-- ACTIVITY --
Drop every picture and copy exactly the lines from the one with "Betco HD Hand" through the last line of the listing below.

-- PROVIDED MATERIAL --
========

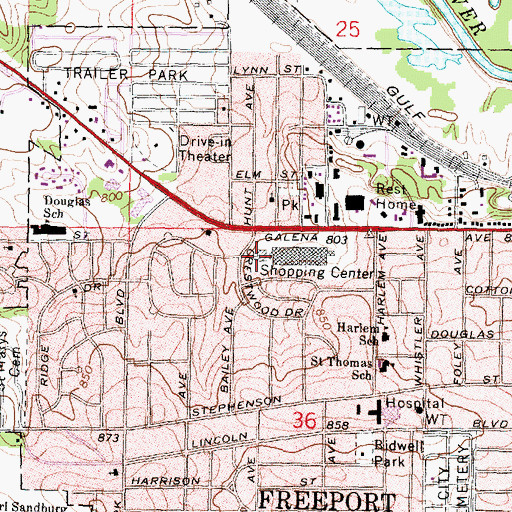 Topographic Map of Crestwood Shopping Center, IL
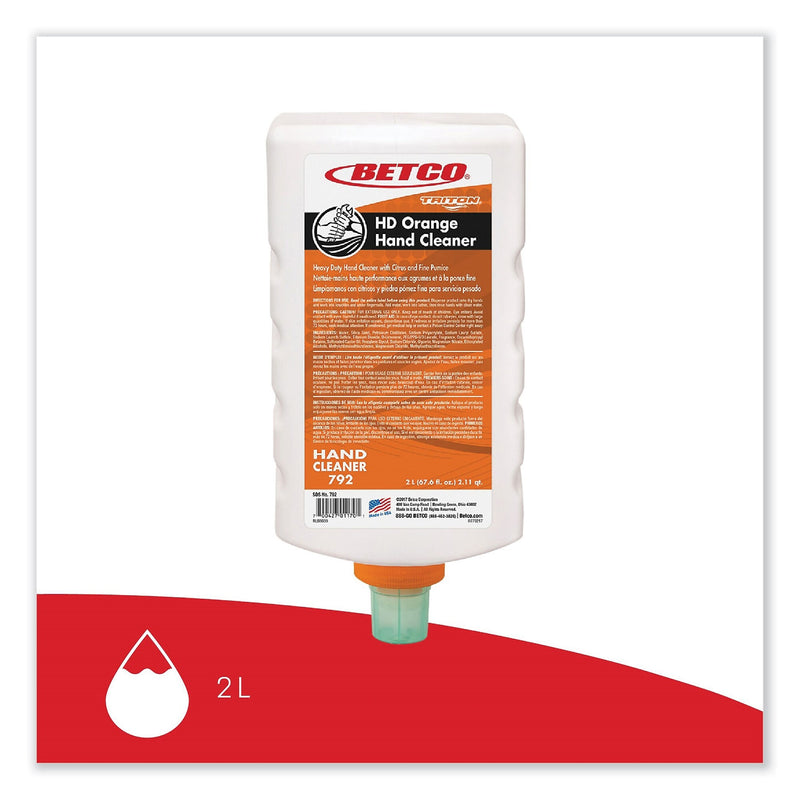 Betco HD Hand Soap Refill for Triton Dispensers, Citrus Zest, 2 L Refill , 6/Carton (BET7926200)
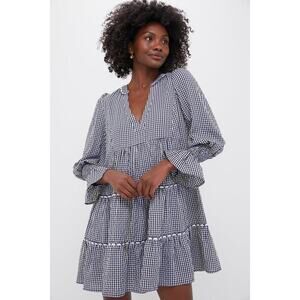 POMANDER PLACE Navy Gingham Kenzo Dress Size L NWT Retail $98 Tuckernuck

========

-- EXERCISE ANSWER --
 Betco HD Hand Soap Refill for Triton Dispensers, Citrus Zest, 2 L Refill , 6/Carton (BET7926200)
 POMANDER PLACE Navy Gingham Kenzo Dress Size L NWT Retail $98 Tuckernuck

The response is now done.